Que Marte no sea ciencia ficción ni cine fantástico no tiene nada que ver con sus méritos fílmicos, que los tiene, pero ello permite arrojar una (otra) enésima reflexión sobre la naturaleza del cine como narrador de historias, y en particular, como creador de atmósferas. A falta de conocer por mí mismo El marciano, la novela de Andy Weir en la que el film se inspira, pero que a juzgar por las referencias es una obra cargada de datos científicos destinados a convertir su planteamiento argumental —la supervivencia de un cosmonauta solitario en Marte durante un larguísimo período de tiempo— en algo verosímil (lo cual excluye, de entrada, la noción misma de fantástico), entra dentro de lo lógico el sospechar que la tonalidad, hasta cierto punto, “real” del libro de Weir ha determinado de forma decisiva el planteamiento del guión, escrito por Drew Goddard (y, según esas mismas referencias, bastante fiel al original literario), y sobre todo, la puesta en escena de Scott. Desde luego, a nivel de realización, Marte tiene poco que ver ni con Alien, el octavo pasajero (Alien, 1979), ni con Blade Runner (ídem, 1982), y ni tan siquiera con Prometheus (ídem, 2012) (2), a pesar de su proximidad en el tiempo, pues se diferencia de ellas en su, hasta cierto punto, tratamiento realista.


Por otro lado, y dejando aparte el hecho de que no sea una película fantástica (por más que se desarrolle en su práctica totalidad en un escenario, también relativamente, “fantástico”), ello no obsta para que nos hallemos ante un film interesante, y a ratos, intenso. A pesar de tener que soportar de nuevo a un actor tan mediocre como Matt Damon en el papel protagonista, lo cierto es que la odisea del cosmonauta Mark Watney, abandonado a su suerte en la superficie del Planeta Rojo, funciona muy bien gracias a la minuciosidad de los detalles diseminados a lo largo de la trama, y en particular, del provecho que sabe sacarles Scott. El realizador filma asimismo de manera minuciosa y muy precisa todo el proceso de supervivencia de Watney, logrando que la aparente curiosidad que parece haber experimentado el propio Scott hacia este relato situado al límite de lo posible se transmita al espectador.

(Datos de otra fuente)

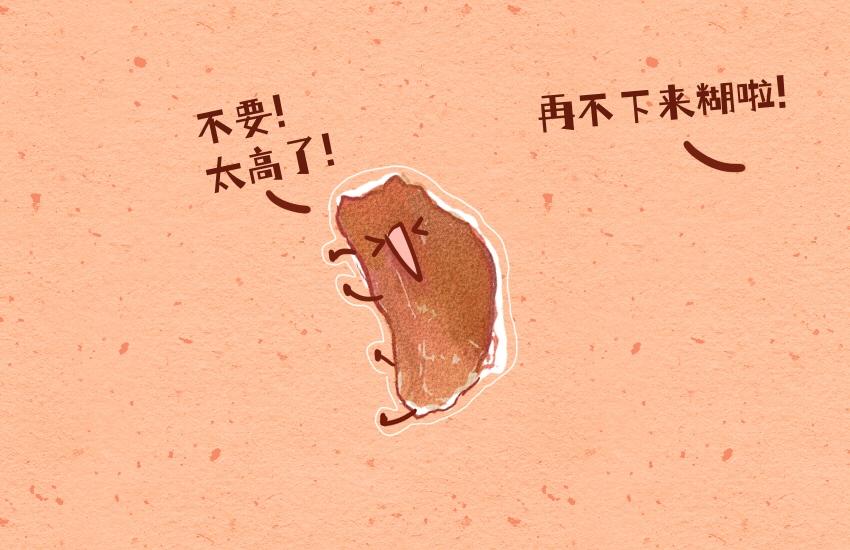 056 鸡蛋  羊肉片  棉花糖-第57话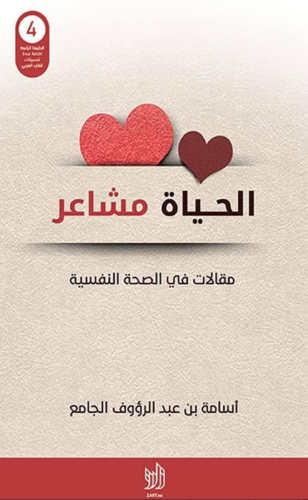 كتاب الحياة مشاعر - للنزيل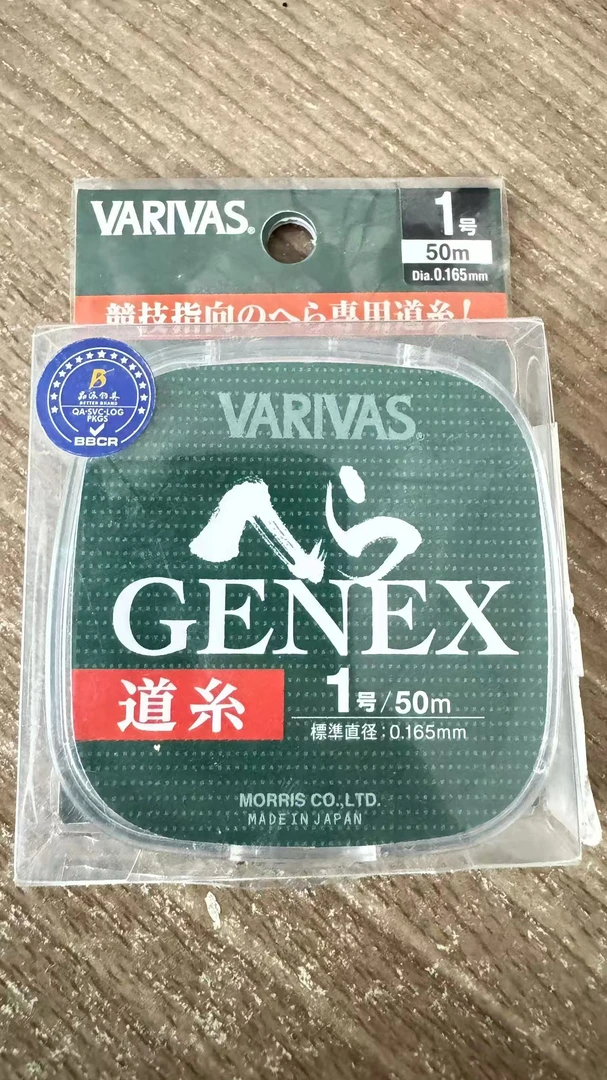 VARIVAS鱼线GENEX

El nacimiento del primer brote de un cultivo de patatas destinado a alimentar a Watney tan pronto como se le acaben las provisiones en menos de dos meses tiene, por ejemplo, tanta fuerza como esa pared de plástico que el protagonista coloca en una de las ventanas de su refugio, rota por una de las violentas tormentas de arena que asolan regularmente el planeta, y que para él es la diferencia entre la vida y la muerte: si el plástico cede mientras él se encuentra desprevenido o dormido, ello puede suponer el fin para él; en una imagen muy bella, vemos cómo ese plástico se mueve adelante y atrás, impulsado como la brisa marciana, convirtiéndolo así en un simbólico “corazón” que, dada su fragilidad, corre el riesgo de fallar en cualquier momento. Pero estos detalles son, precisamente, los que demuestran que, en Marte, impera el realismo (o una determinada concepción cinematográfica, hollywoodiense si se quiere, del mismo) sobre lo fantástico.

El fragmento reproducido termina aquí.